- _ASSIGNMENT_
In the material below, find the line containing "RIDEX 3229S0126 Anti-roll" and the line containing "หมวกกันน็อค ID Rocket". Output those two lines and all lines between them exactly, without pictures.

- _RECORDS SUPPLIED_
****

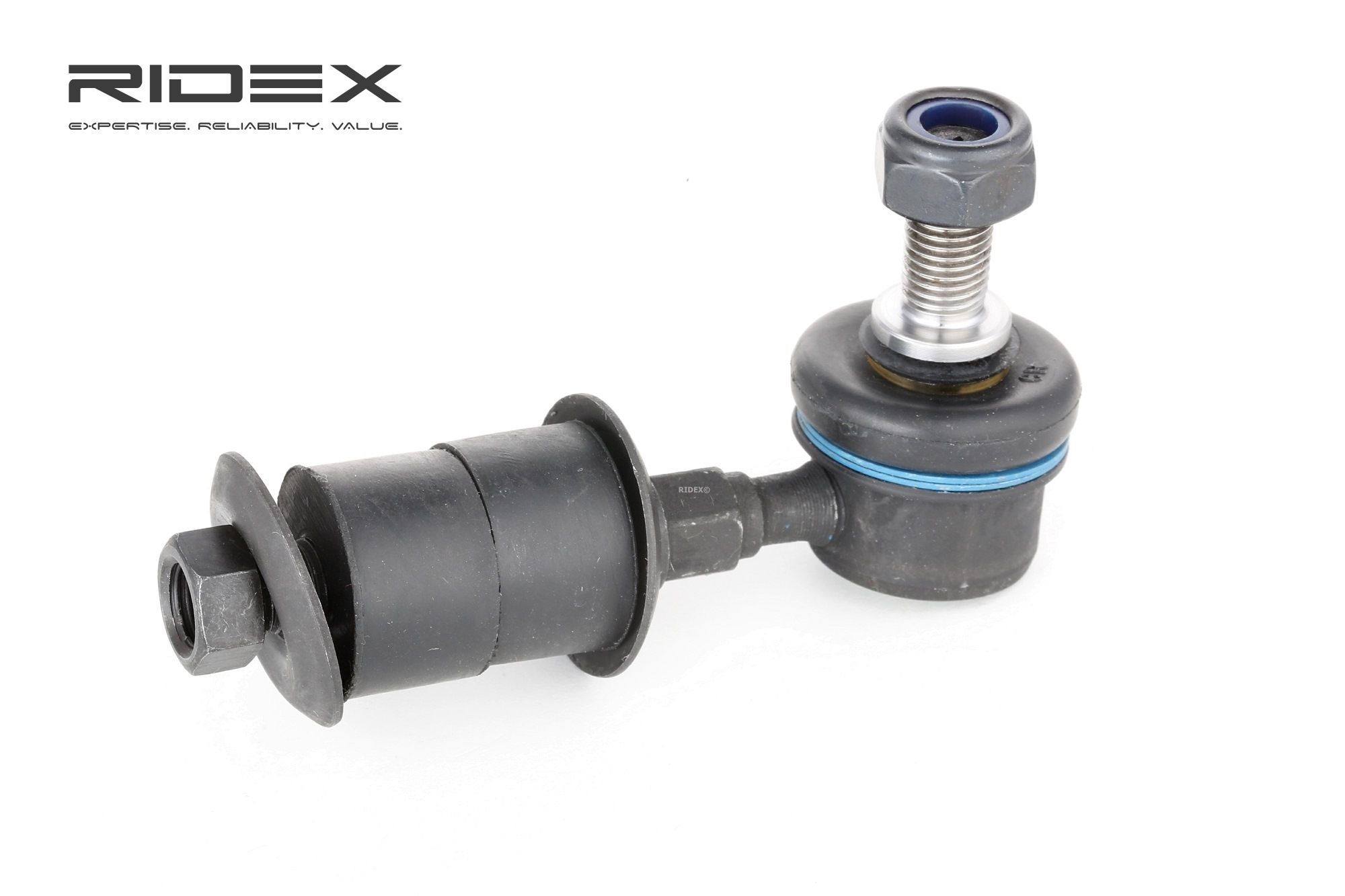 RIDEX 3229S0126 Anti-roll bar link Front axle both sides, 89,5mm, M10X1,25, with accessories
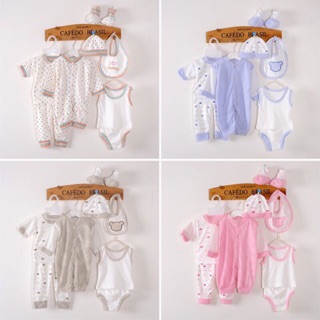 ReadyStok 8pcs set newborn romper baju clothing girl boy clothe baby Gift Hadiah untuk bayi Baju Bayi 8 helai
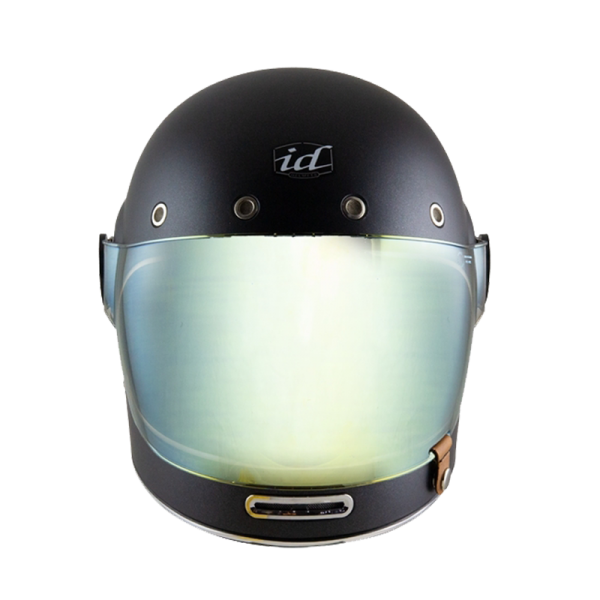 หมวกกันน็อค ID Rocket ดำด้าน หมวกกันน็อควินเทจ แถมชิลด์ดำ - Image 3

****

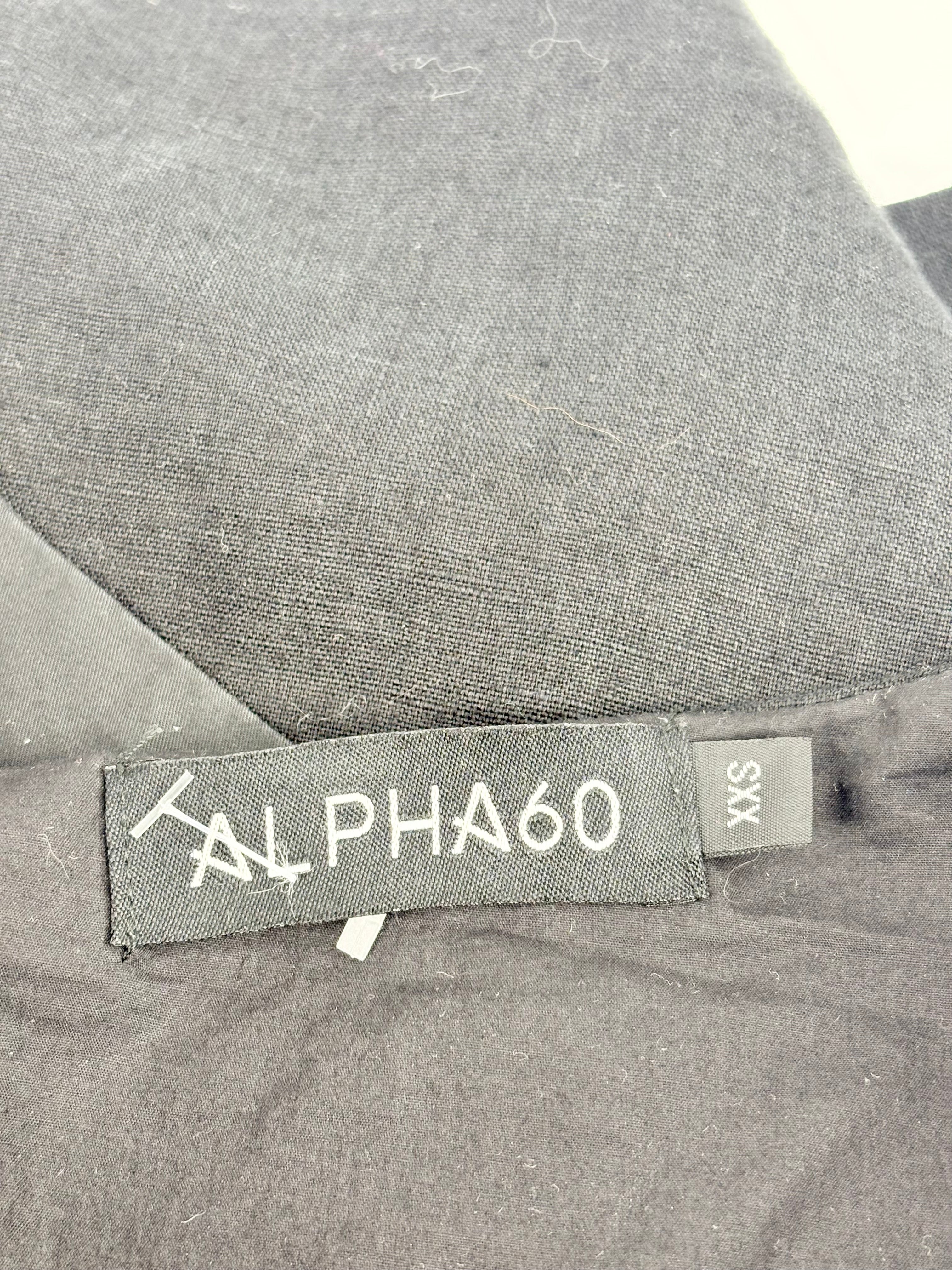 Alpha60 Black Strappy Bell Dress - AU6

****

- _SOLVED EXERCISE_
 RIDEX 3229S0126 Anti-roll bar link Front axle both sides, 89,5mm, M10X1,25, with accessories
 ReadyStok 8pcs set newborn romper baju clothing girl boy clothe baby Gift Hadiah untuk bayi Baju Bayi 8 helai
 หมวกกันน็อค ID Rocket ดำด้าน หมวกกันน็อควินเทจ แถมชิลด์ดำ - Image 3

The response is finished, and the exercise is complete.